Output the lines of the records exactly, from the first through the one containing "Femme pratiquant une". Omit all pictures.

━━━━━━━━━━

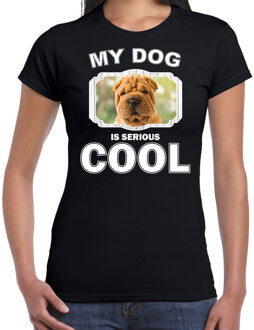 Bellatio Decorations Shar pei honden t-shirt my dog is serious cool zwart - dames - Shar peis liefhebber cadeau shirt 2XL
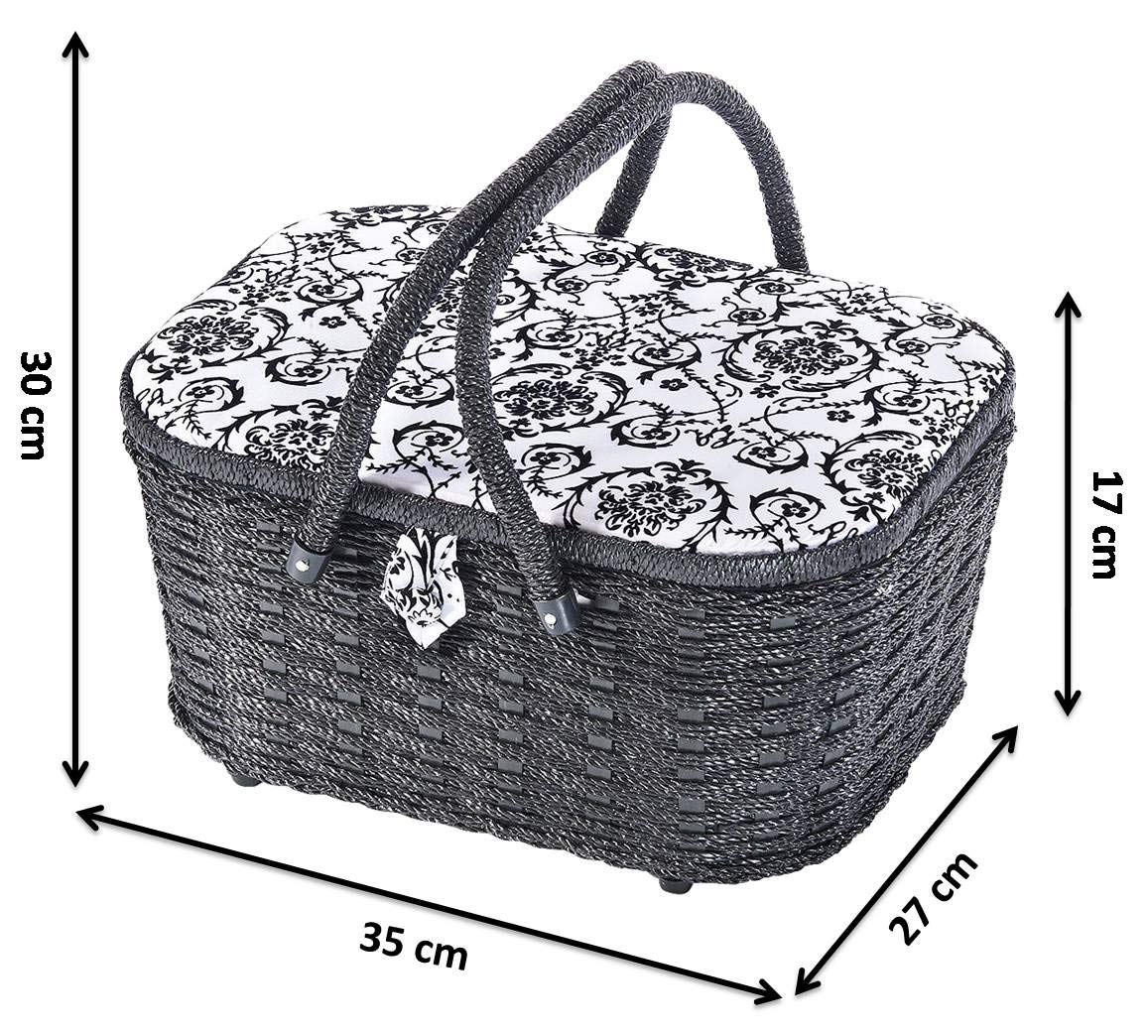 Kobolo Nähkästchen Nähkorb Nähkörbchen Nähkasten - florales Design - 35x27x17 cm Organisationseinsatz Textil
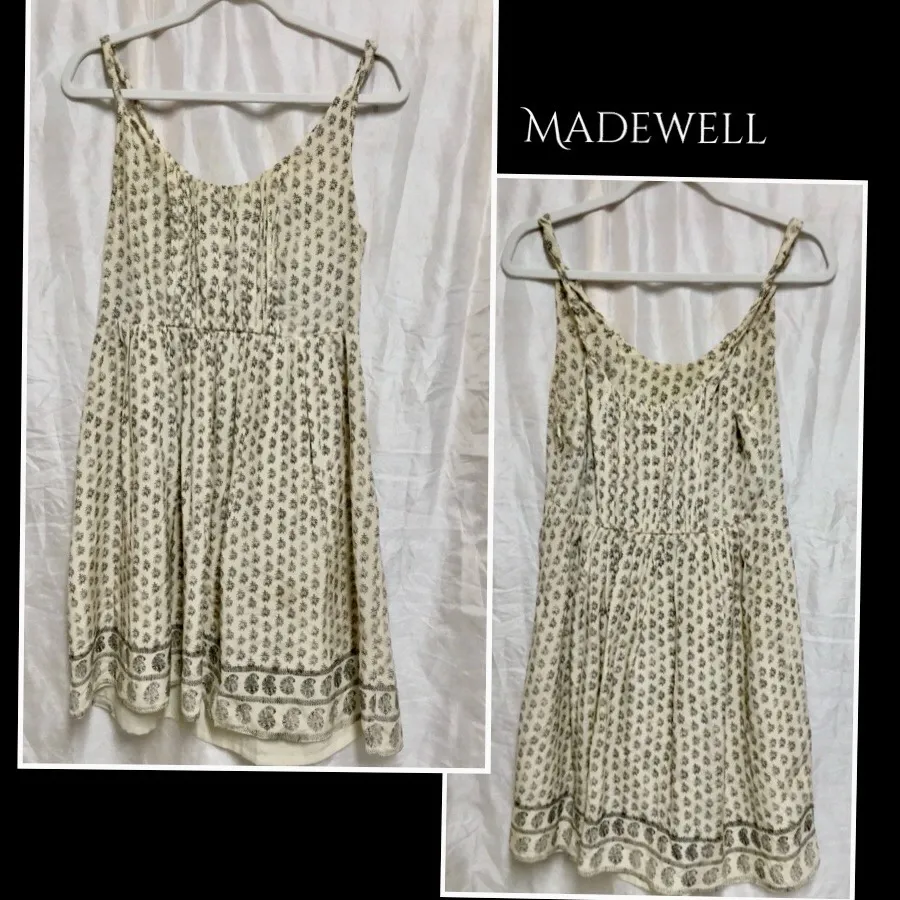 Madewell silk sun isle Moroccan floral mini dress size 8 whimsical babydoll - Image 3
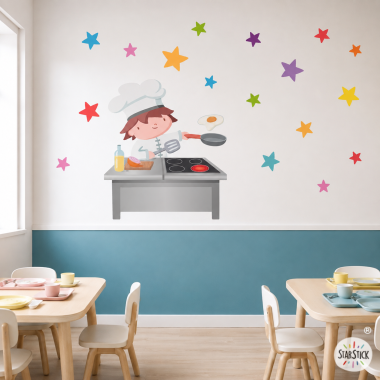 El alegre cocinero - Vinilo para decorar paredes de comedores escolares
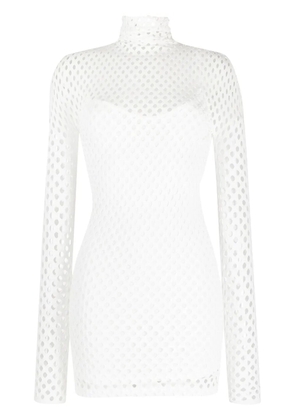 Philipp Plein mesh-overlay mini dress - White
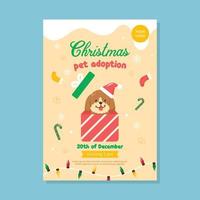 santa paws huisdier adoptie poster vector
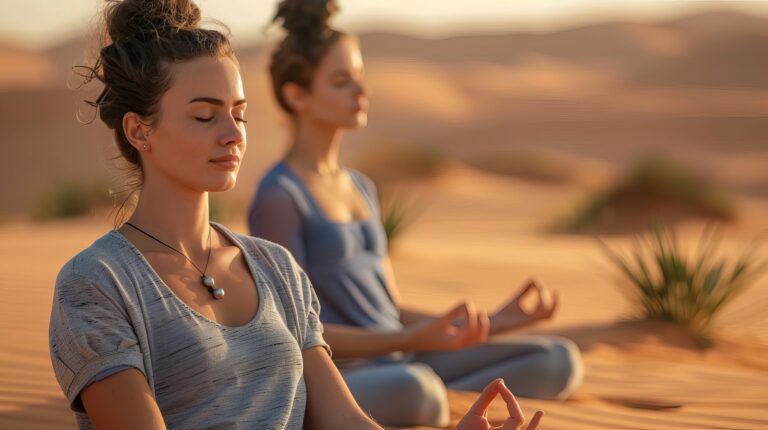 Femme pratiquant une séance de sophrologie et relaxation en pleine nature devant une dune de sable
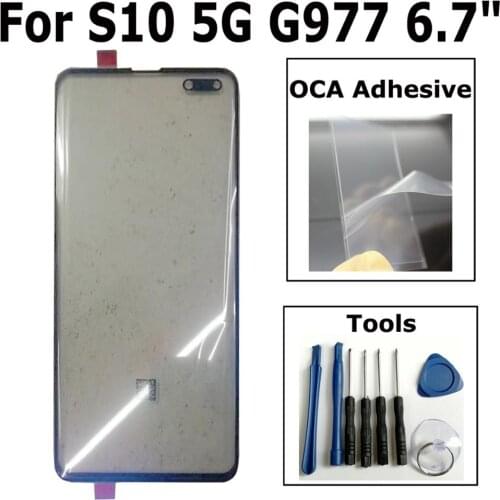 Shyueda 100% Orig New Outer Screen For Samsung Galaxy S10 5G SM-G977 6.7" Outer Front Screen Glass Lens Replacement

━━━━━━━━━━

Answer to the problem:
 Bellatio Decorations Shar pei honden t-shirt my dog is serious cool zwart - dames - Shar peis liefhebber cadeau shirt 2XL
 Kobolo Nähkästchen Nähkorb Nähkörbchen Nähkasten - florales Design - 35x27x17 cm Organisationseinsatz Textil
 Madewell silk sun isle Moroccan floral mini dress size 8 whimsical babydoll - Image 3
 El alegre cocinero - Vinilo para decorar paredes de comedores escolares
 Philipp Plein mesh-overlay mini dress - White
 santa paws huisdier adoptie poster vector
 Femme pratiquant une séance de sophrologie et relaxation en pleine nature devant une dune de sable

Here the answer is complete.